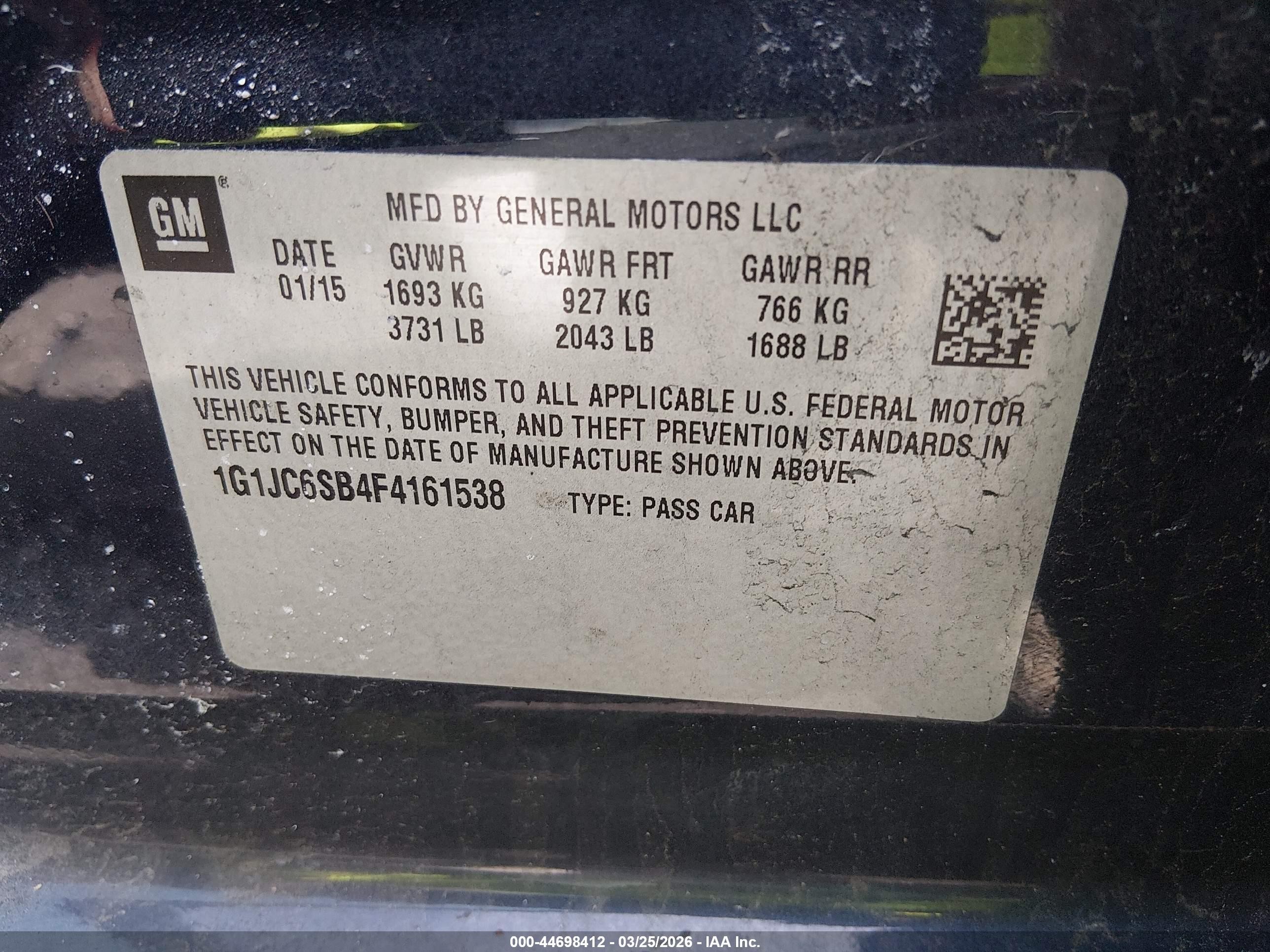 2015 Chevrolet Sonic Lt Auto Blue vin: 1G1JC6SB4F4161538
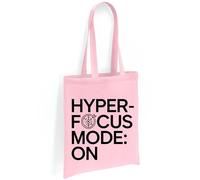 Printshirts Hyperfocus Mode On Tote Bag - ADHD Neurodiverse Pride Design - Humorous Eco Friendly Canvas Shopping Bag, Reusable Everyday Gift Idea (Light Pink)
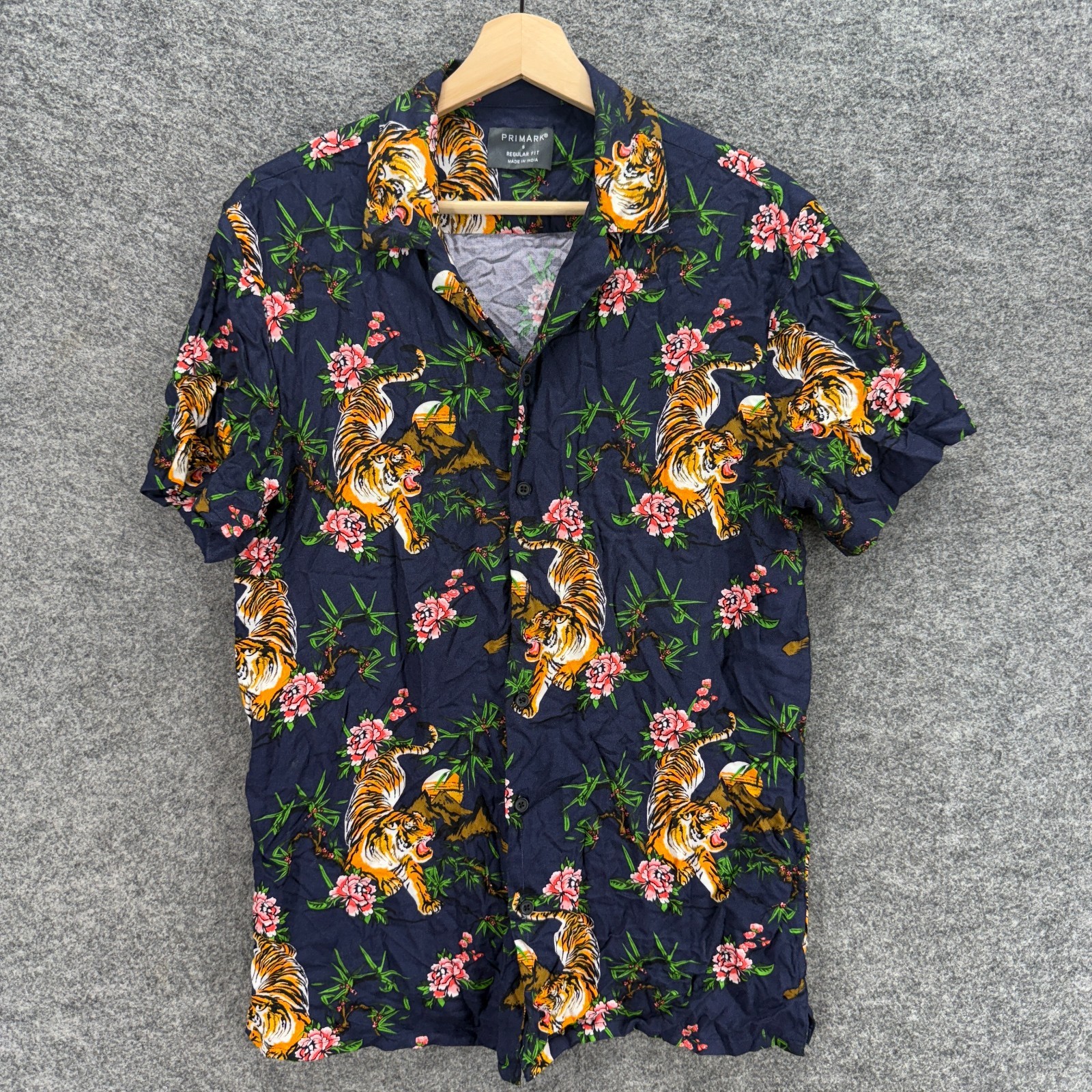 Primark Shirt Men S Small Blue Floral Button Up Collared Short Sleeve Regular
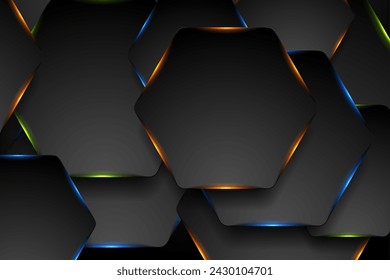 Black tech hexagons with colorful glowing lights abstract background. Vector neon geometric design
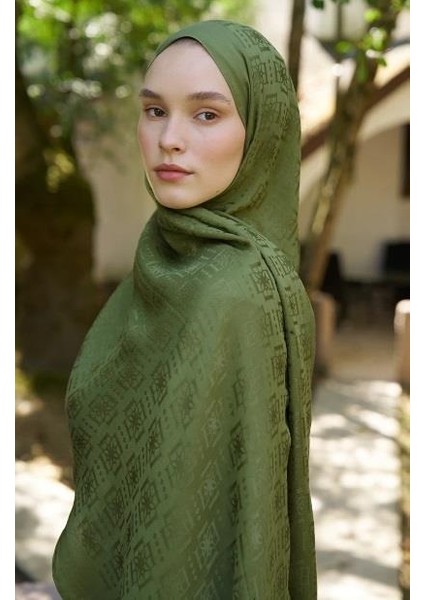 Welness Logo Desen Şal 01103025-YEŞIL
★ ★ ★ ★ ★
| YOUR INSTRUCTIONS |
Give back exactly the lines from the line with "Printshirts Hyperfocus Mode" through the end of the records, both included; keep all pictures out.

| RESPONSE FOR THIS EXERCISE |
 Printshirts Hyperfocus Mode On Tote Bag - ADHD Neurodiverse Pride Design - Humorous Eco Friendly Canvas Shopping Bag, Reusable Everyday Gift Idea (Light Pink)
 Primark Shirt Men S Small Blue Floral Button Up Collared Short Sleeve Regular
 Black tech hexagons with colorful glowing lights abstract background. Vector neon geometric design
 Welness Logo Desen Şal 01103025-YEŞIL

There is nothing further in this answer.